The government's commitment to address overcapacity chimes with its economic reform agenda, through which the nation plans to shift to supply-side structural reform, something Beijing has put high on its agenda.

The government will establish a fund of 100 billion yuan to assist those made redundant as a result of industrial restructuring, according to the Ministry of Industry and Information Technology.

When Wuzhou Shipyard went bankrupt, the parent company paid out in full its obligations to employees who had lost their jobs. Regional governments are preparing to meet similar obligations.

Chen Naike, a deputy to the National People's Congress, the nation's top legislature, said it is vital that workers losing their jobs get subsidies and help in adjusting.

Li Xinchuang, head of the China Metallurgical Industry Planning and Research Institute, said the central government plans to cut the nation's production of crude steel by between 100 million tons and 150 million tons in the next five years.

Li said that means 500,000 employees in the steel industry will have to find new work.

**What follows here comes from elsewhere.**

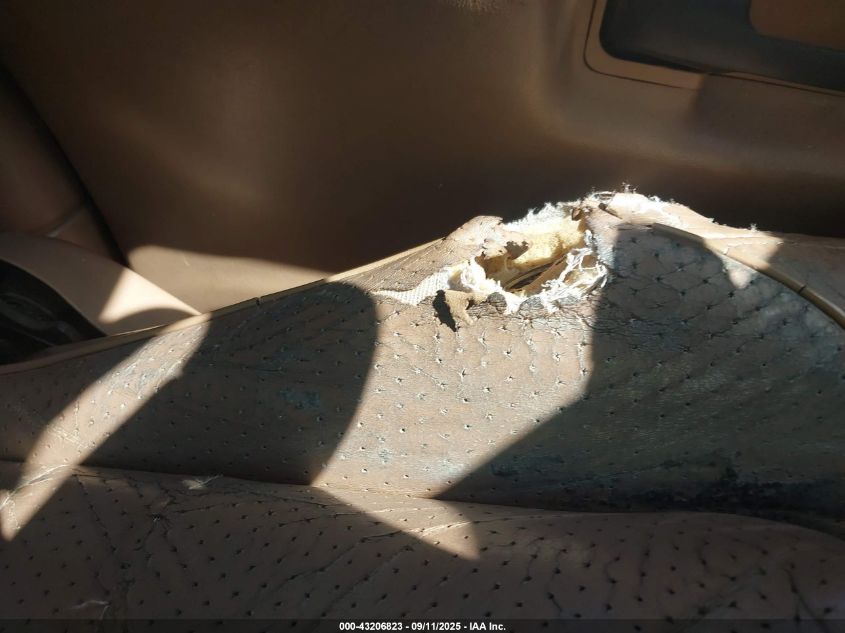 1996 Ford Explorer VIN: 1FMDU34X4TUB91106 Lot: 43206823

"Currently, there are more than 300,000 employees in zombie companies in the labor-intensive steel industry," Li said. "It will be a priority for the government to deal with those people effectively."

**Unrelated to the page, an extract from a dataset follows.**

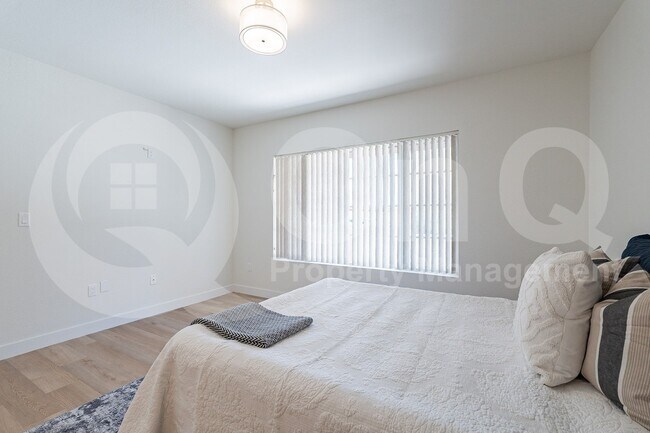 Building Photo - 9451 E Becker Ln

He said China's steel companies' debt ratios average around 70 percent while in some cases it is even higher.

"For instance, a steel company, which has already stopped production, had a total debt of more than 10 billion yuan and its assets were only worth 6 billion yuan," said Li. "Another steel company has a severe wage arrears problem of more than 360 million yuan. Such big debt issues are hard for the local government or a single company to solve."

In addition to the government's determination to reform inefficient and unsustainable industries, financial institutions are also playing their part in killing off zombie companies.

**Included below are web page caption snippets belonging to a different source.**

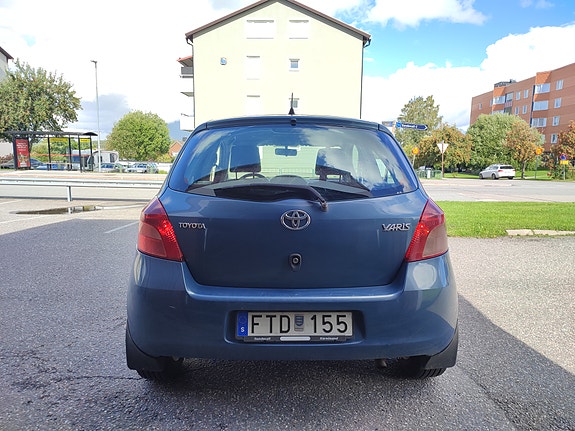 Toyota Yaris 7 of 26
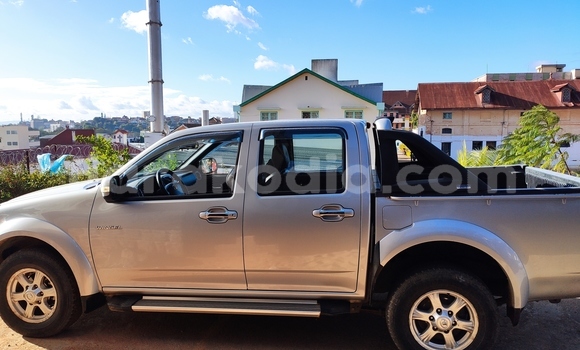 Buy Used Great Wall Wingle Silver Car in Antananarivo in Analamanga Buy Used Great Wall Wingle Silver Car in Antananarivo in Analamanga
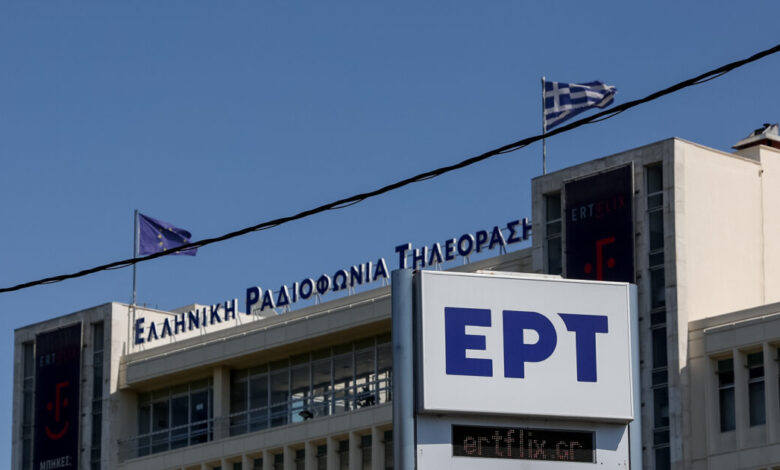 Νίνα-Κασιμάτη:-Θεωρούσα-ότι-έτσι-εξασφάλιζα-τη-δουλειά-μου,-μέχρι-τότε-δεν-ήξερα-που-έπεφτε-το-Ραδιομέγαρο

They have been asked not to lend money to steel, coal and nonferrous metals companies that have been blacklisted because of their overcapacity.

Meanwhile, financial institutions are doing their best to protect companies' assets by preventing zombie companies from transferring funds illegally.

The government says it wants to see financial reserves, land and human resources flow toward other promising industries when zombie companies close.

And Bao said many of his former colleagues are already moving on and have been finding other work.

"A young technician I worked with found a job with a cruise company," Bao said. "Opportunities are emerging in new industries like this."